»»
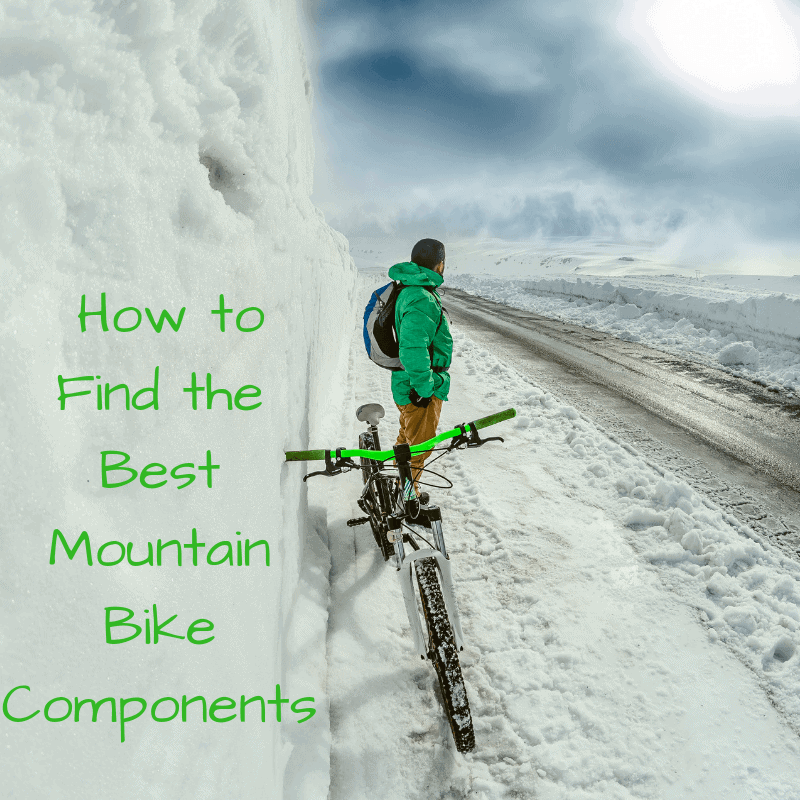 mountain bike components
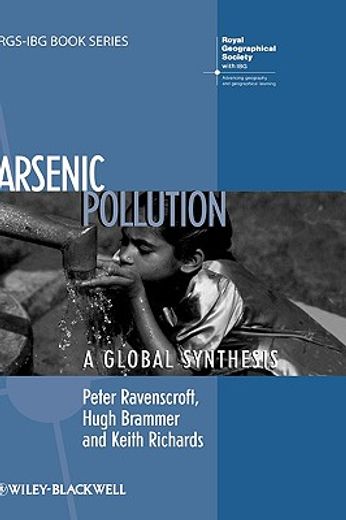 arsenic pollution,a global synthesis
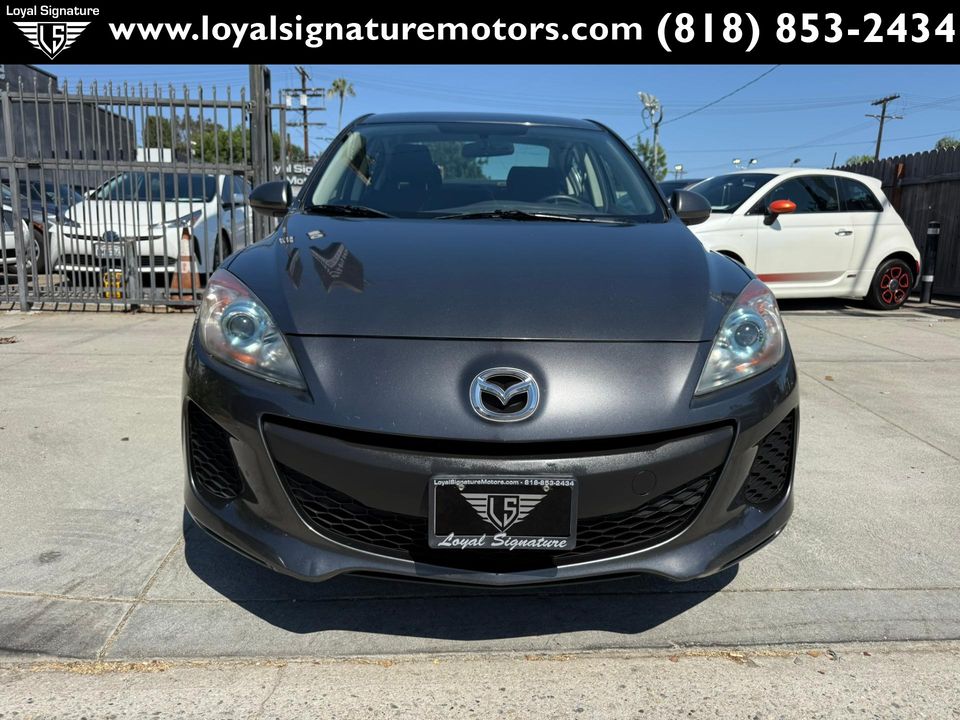2013 Mazda Mazda3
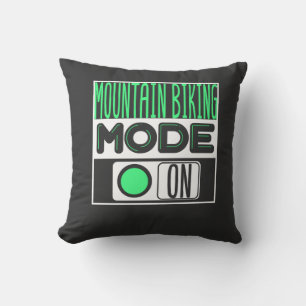 Mountain Biking Cushion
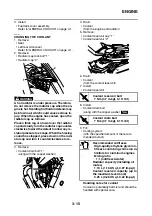 Предварительный просмотр 96 страницы Yamaha WR125R 2009 Service Manual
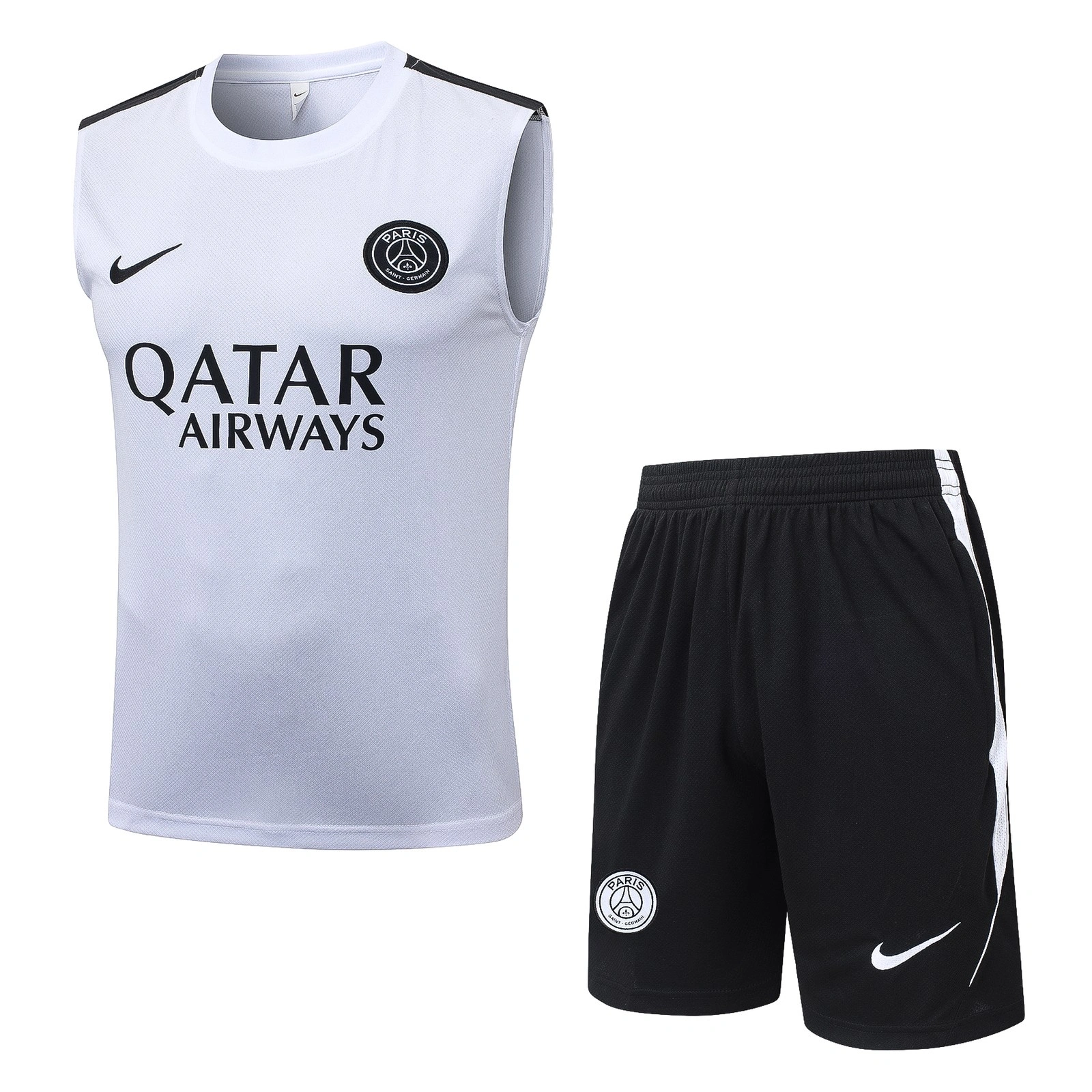 Paris Saint Germain 2026-2027 Sıfır Kollu Antrenman Seti PSG-10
««
Required work: Every last line above must be reproduced as written, and no pictures belong in the copy.

Written answer:
 mountain bike components
 arsenic pollution,a global synthesis
2013 Mazda Mazda3
 Mountain Biking Cushion
 Предварительный просмотр 96 страницы Yamaha WR125R 2009 Service Manual
 Paris Saint Germain 2026-2027 Sıfır Kollu Antrenman Seti PSG-10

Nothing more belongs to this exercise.